Divestment
In looking for a husband for your daughter, says an old proverb, don’t ask: “Who’ll make the best husband for her?” Ask instead: “For which kind of a man would she make a good wife?”
Divestment is a “marketing” rather than a “selling” problem. The question is not: “What do we want to sell and for how much?” It is: “For whom is this venture ‘value’ and under what conditions?” The salient point if finding the potential buyer for whom what is misfit to the seller is a perfect, the buyer to whom the venture to be sold offers the best opportunity or solves the worst problem. This is then also the buyer who will pay the most.
A major printing company decided that a mass-circulation magazine it owned was at best a partial fit and should be sold. The magazine had been bought originally to hold its printing contract. They asked, “What is value to a magazine publishing company?” If it is a growing magazine company,” they answered, “its greatest need is cash. For a growing magazine requires heavy cash investments in building circulation for several years. “How can we supply this need of the potential buyer to our own advantage?” was the next question. And the answer was, “By giving him ninety days rather than the customary thirty days to pay his print and paper bill to our printing plants.” The printing company then rapidly found a publishing group that filled their requirements.
The work of the Manager
Managers can improve their performance by improving their performance of these constituent activities.

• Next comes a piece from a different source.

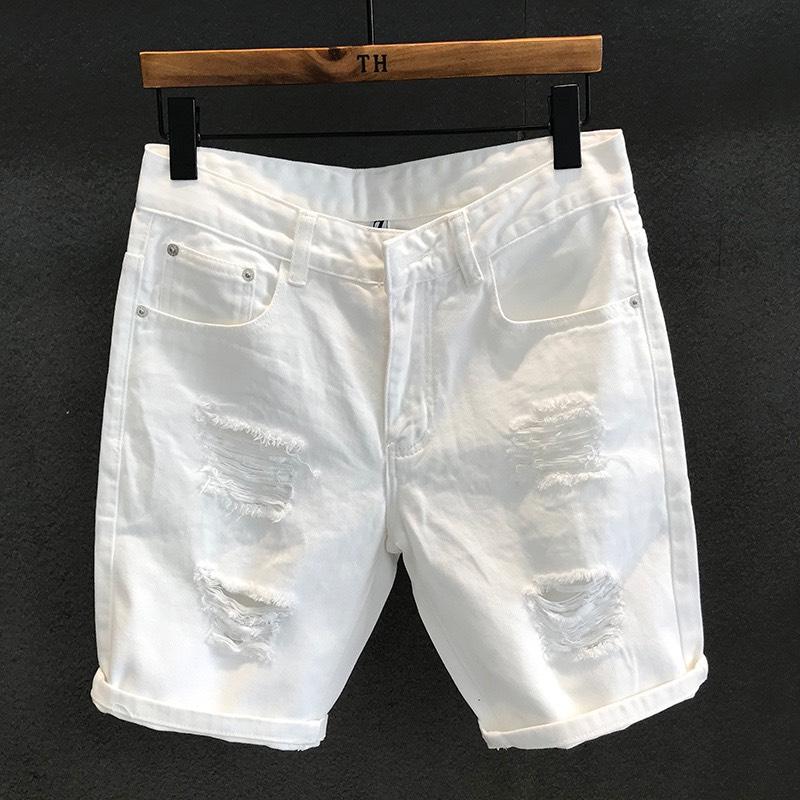 Quần short jean nam màu trắng, rách thời trang cao cấp MURADFASHION SJNA405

There are five basic operations in the work of the manager.
- Managers, in the first place, set objectives. They determine what the objectives should be. They determine what the goals in each area of objectives should be. They decide what to be done to reach these objectives. They make the objectives effective by communicating them to the people whose performance is needed to attain them.
- Second, managers organize. They analyze the activities, decisions and relations needed. They classify the work. They divide it into manageable activities and further divide the activities into manageable jobs. They group these units and jobs into an organization structure. They select people for the management of these units and for the jobs to be done.

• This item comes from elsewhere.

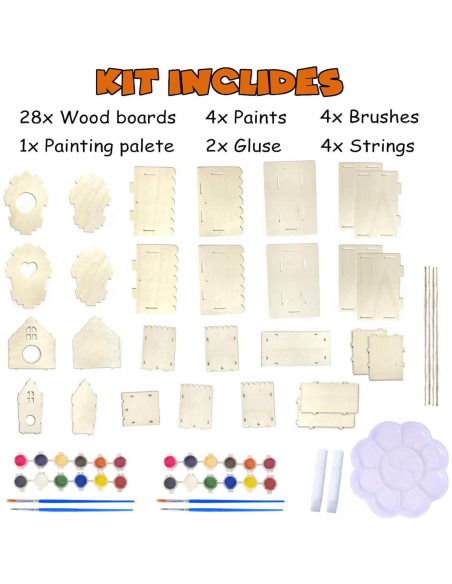Kit de Casa para Aves DIY Xoeryoy - 4 Piezas de Madera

- Next, managers motivate and communicate. They make a team out of the people who are responsible for various jobs.
- The fourth basic element in the work of the manager is measurement. The manager establishes yardsticks – and few factors are as important to the performance of the organization and of every person in it.
- Finally, managers develop people, including themselves.
Long-Range Planning
The future will not just happen if one wishes hard enough.
The future requires decisions – now. It imposes risk – now. It requires action – now. It demands allocation of resources, and above all, of human resources – now. It requires work – now.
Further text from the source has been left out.